Daughters Opera - New Delhi 2020
Director's Note - Anuradha Kapur
The project Daughters has been in discussion over several years. Tammy Brennan initiated the dialogue in 2013 and this dialogue has since grown to include many imaginations. It is an attempt to work cross disciplines and cross languages – and that is always a difficult proposal. Why one language associates with another: translates, adapts and is modified by another is often unpredictable and processual.
We are attempting to present this to you. The process has been shaped by all its moving elements – music, movement language and scenography: text work and theoretical frames are provided by many readings including KumKum Sangari’s book Solid:Liquid – A (Trans) National Reproductive Formation. This has provided images for use to think of improvisatory exercises to explore materials that cross over from everyday life to the stage. The process has been based on ‘figuring out’ quite literally what it means to bring women’s visible and invisible labour on stage.

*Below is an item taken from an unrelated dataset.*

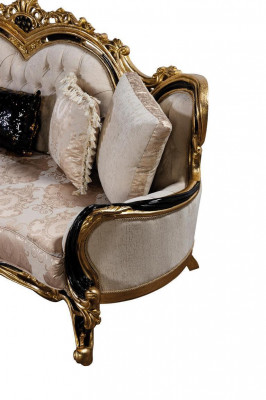 Chesterfield 3-zits designerbank Luxe gestoffeerde banken met stoffen bekleding Nieuw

Librettist / Executive Producer's Note - Tammy Brennan
Vast numbers of reported news stories have been reframed here as an epitaph to women and girls spanning both the ancient and the modern worlds. Daughters is an honouring of their resistance and resilience, alongside an acknowledgment of the ongoing pain and suffering of violence against our women and girls, and its legacy.
The poetry of the libretto is very much offered as a place for reflection, as
as it is a call to action.
Composer's Note - David Chisholm
11 Fado and 1 Zarzuela comprise the musical vessel of Daughters. When generating music for a work around gender violence, one is conscious of violence more broadly.
Colonialism is violence by policy and administration, violence by control at a state level. The choice of Fado then was in part to harness the character of saudade, the untranslatable Portuguese word that underpins a genre that is almost always sung by women, with almost always male musicians.
Additionally this choice nods to Portugal’s 500 year administrative occupation of regions of India, something far more appropriate when working on an intercultural project with Indian artists, rather than default to the violent fantasy of ethno-exoticism these artists often face in such Western cultural encounters.
Scenographer's Note - Deepan Sivaraman
The Scenographic intervention into the operatic form has resulted in a highly formalistic performance space. The conceptual idea begins with an opera about daily life, and the space was designed keeping in mind the presence of actors, singers and dancers and the differences in their physicalities so that a common language of movement could be created that would be in consonance with the performance space.
The sharpness of the lines and corners is a way to expose the Black Box Theatre space to the formal setting of an opera. The space has been divided into a cold desolate subway below and the world above.
A large abstracted box moves up and down the space in a monotonous and ominous manner revealing the underlying violence of each moment of the performance. The commuters have only one intention which is to reach the destination that may never arrive.